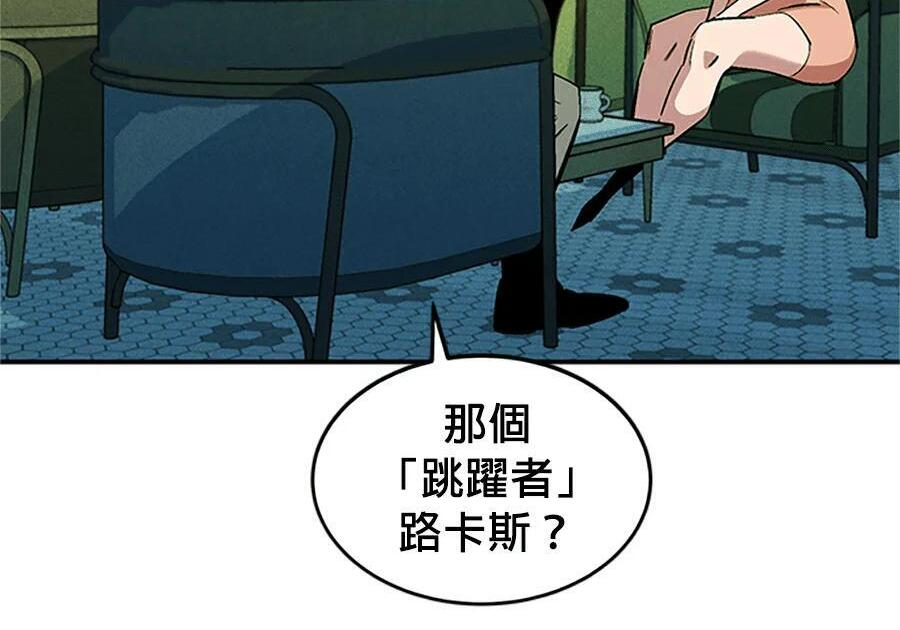 第176话 尾声 第139页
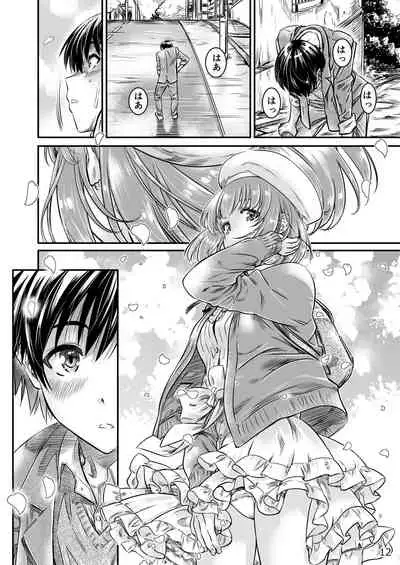 （C98）[MARUTA Production (MARUTA)]冴えないカノジョの作り方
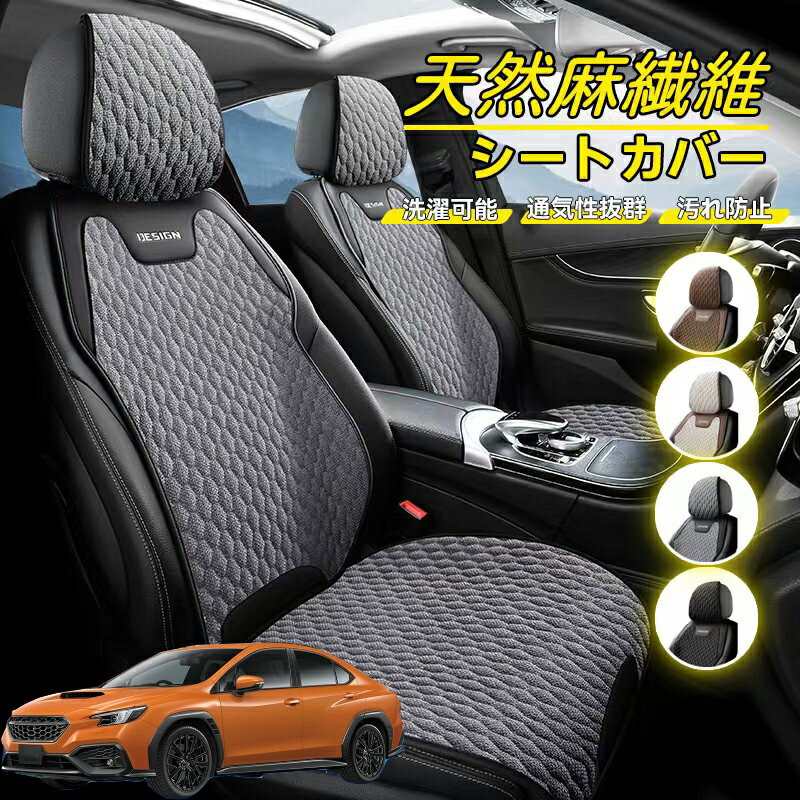 Rakuten - スバル WRX VB系 2代目 WRX S4 車用 シートカバー 座席カバー 天然麻繊維素材 車シートクッション カーシートカバー 全車用 座布団 背もたれ 四季汎用 車クッション 運転席 一人掛け用 後部座席 通気性抜群 蒸れ防止 防塵 取付簡単 汚れ防止 フリーサイズ 軽自動車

▶ Aim of the exercise:
Give back each line above verbatim, dropping every picture.

▶ Answer to the exercise:
 第176话 尾声 第139页
 （C98）[MARUTA Production (MARUTA)]冴えないカノジョの作り方
 Rakuten - スバル WRX VB系 2代目 WRX S4 車用 シートカバー 座席カバー 天然麻繊維素材 車シートクッション カーシートカバー 全車用 座布団 背もたれ 四季汎用 車クッション 運転席 一人掛け用 後部座席 通気性抜群 蒸れ防止 防塵 取付簡単 汚れ防止 フリーサイズ 軽自動車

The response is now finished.